Any suggestions on how to find the source of the crash?
The problem isn't the ALLOCATE statement - that's just where the error becomes visible. Something earlier in the program wrote in a place it shouldn't. The only way to resolve this is to debug the application. What I usually do is start disabling portions of code before the point of error to see what, if anything, makes the error go away.
The first thing I would do is enable all the compiler checks (warnings and run-time checks.) This may, unfortunately, cause the problem to move or hide. Data corruption is a tricky thing to track down.
Thanks Steve - You are right debugging changes the behavior, and I have all the checks that work active.
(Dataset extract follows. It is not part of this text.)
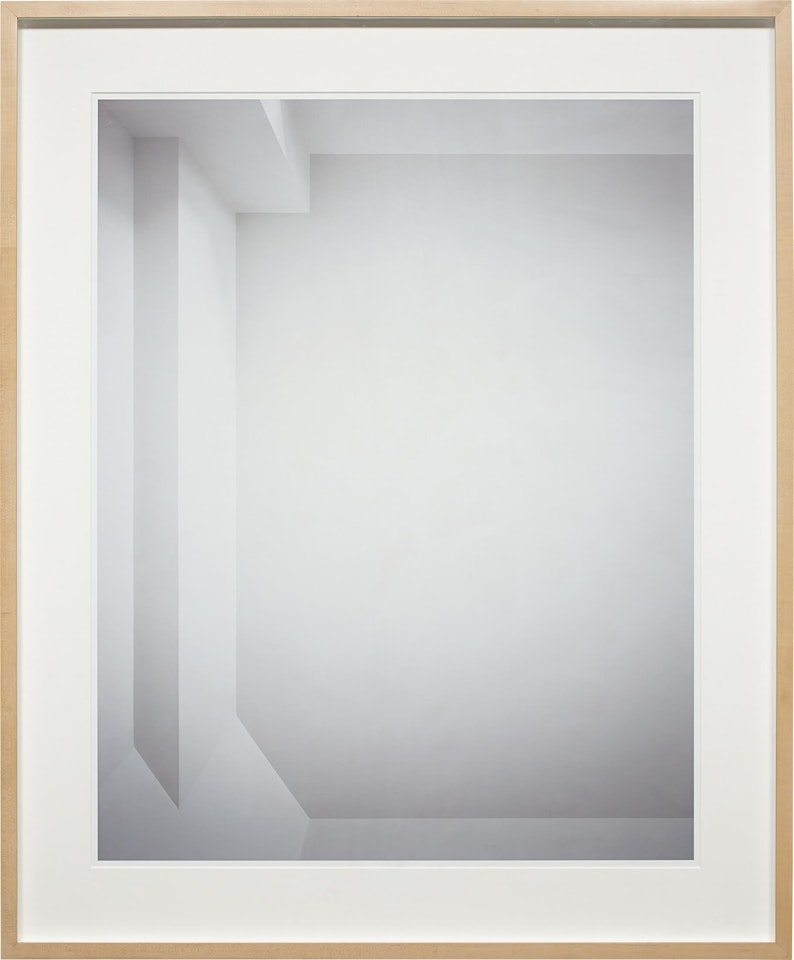 Colors of Shadow c1028 by Hiroshi Sugimoto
I will say it is frustrating that it crashes seemingly because something wrote where it shouldn't have, but zero indication or information of what or where or when that writing is happening. Any clue at all would probably help to figure out where it occurred. I've had a case open in support for almost a year now about getting the debugger to show data values of many of my arrays. Resolving that case would make my life much easier because it is most likely directly related to the cause of this error.
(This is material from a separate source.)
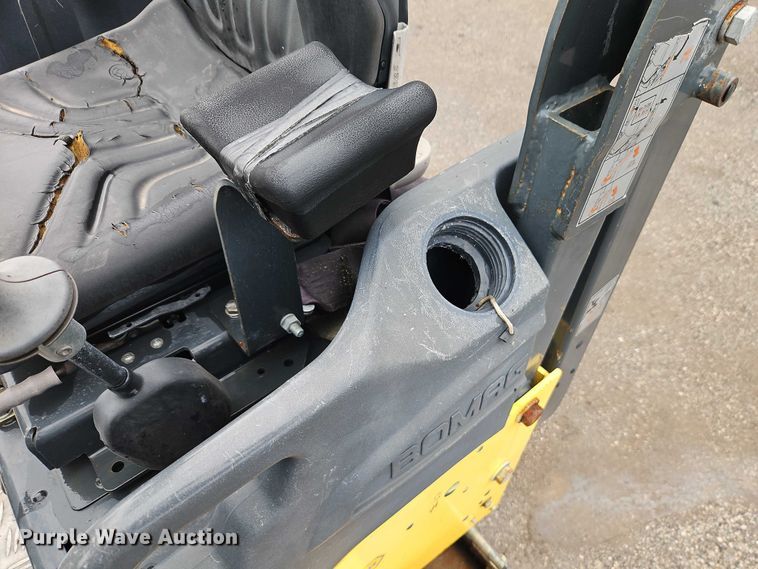 image for item EO7063 2016 Bomag BW120SL-5 double drum vibratory roller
Try the selective disabling of code. If the error happens after some number of calls write a log to dump intermediate state. I have slogged through many cases like this over the years - always found it, but sometimes it took days. You have to be methodical.
I might suggest Intel Inspector XE which has a feature to check for memory corruption, but it has a hard time with Fortran code with many false positives. Still, once in a while, it turns up something. You can get a 30 day free trial if you don't already have the Professional or Cluster edition.
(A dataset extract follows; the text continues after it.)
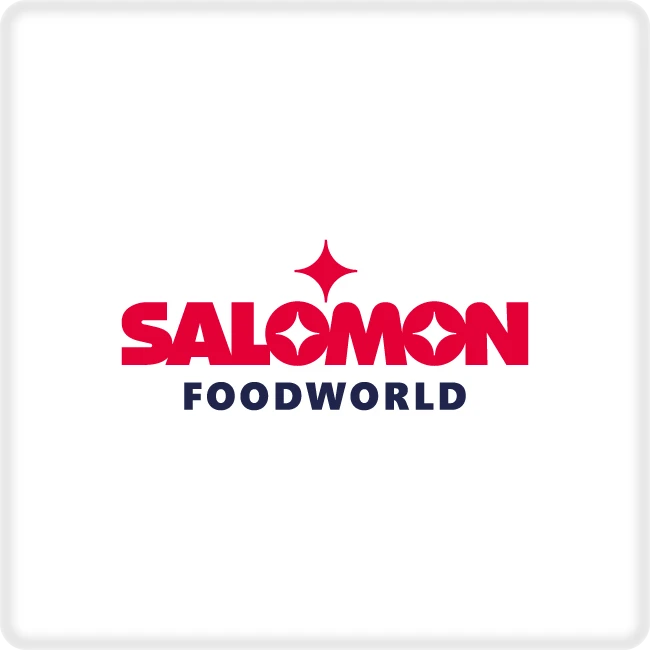 SALOMON FoodWorld® GmbH SALOMON FoodWorld® GmbH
Appreciate the suggestions. I have Professional so access to the important tools. I did try the inspector on our code last year, it had way to may problems dealing with our code that I couldn't get anything useful from it.
I always try to be methodical as it does help to narrow down the choices. In this case I decided to do a code walk just looking at indices for new features. As luck would have it I found a typo after looking into only a few percent of the new code that looks like the issue here. It caused an array to be written off the back, so will have to test some more to know for sure.
Thanks again. Hope you are enjoying retirement.